Per questo cercare di assumere una voce non mia – quella della diplomazia – non ha funzionato.
Ci ho provato negli ultimi dodici mesi, circa; il risultato è stato il silenzio. Ho chiuso la bocca, rinfoderato le dita e mi sono limitata a leggere quello che dicevano gli altri (come si suol dire, ho fatto la lurker).
Quasi sempre, quando volevo intervenire, volevo farlo dissentendo. Non ho mai scopi distruttivi – a meno che non mi trovi di fronte autentiche idiozie – quindi quando intervengo criticando il mio scopo non è l’aggressione, bensì il confronto.

La decisione, però, era quella di “tenere un basso profilo”, e tenere un basso profilo implica il non litigare/discutere vivacemente/polemizzare.

Dunque, ho taciuto.

Oltre che polemica, però, sono tendenzialmente anche logorroica e chiacchierona: mi piace dire la mia, non amo starmene in silenzio.

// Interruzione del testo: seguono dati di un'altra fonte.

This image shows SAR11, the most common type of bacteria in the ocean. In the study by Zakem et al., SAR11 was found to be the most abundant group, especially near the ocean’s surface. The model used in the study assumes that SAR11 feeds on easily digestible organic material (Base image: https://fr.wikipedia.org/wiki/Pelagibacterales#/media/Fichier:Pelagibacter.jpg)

E invece ci sono stata per un sacco di tempo.
Quindi “è ora di basta!”

Avete presente la storiella per cui discutere con certa gente è come giocare a scacchi con un piccione? Ecco, a me non frega un accidenti: a me piace discutere!

Questo post sancisce il mio (polemico) ritorno alla vita polemica, alle discussioni animate, ai flame e ai litigi.
Dove? Oh, un po’ ovunque. Sui social, sui blog, dove capita.
E quando mi vedrete arrivare ricordate: a me le discussioni piacciono, non sono lì per dare fastidio (ma lo darò lo stesso), sono lì per divertirmi.,
E secondo me vi divertite pure voi, o non passereste le giornate a litigare per qualsiasi cosa.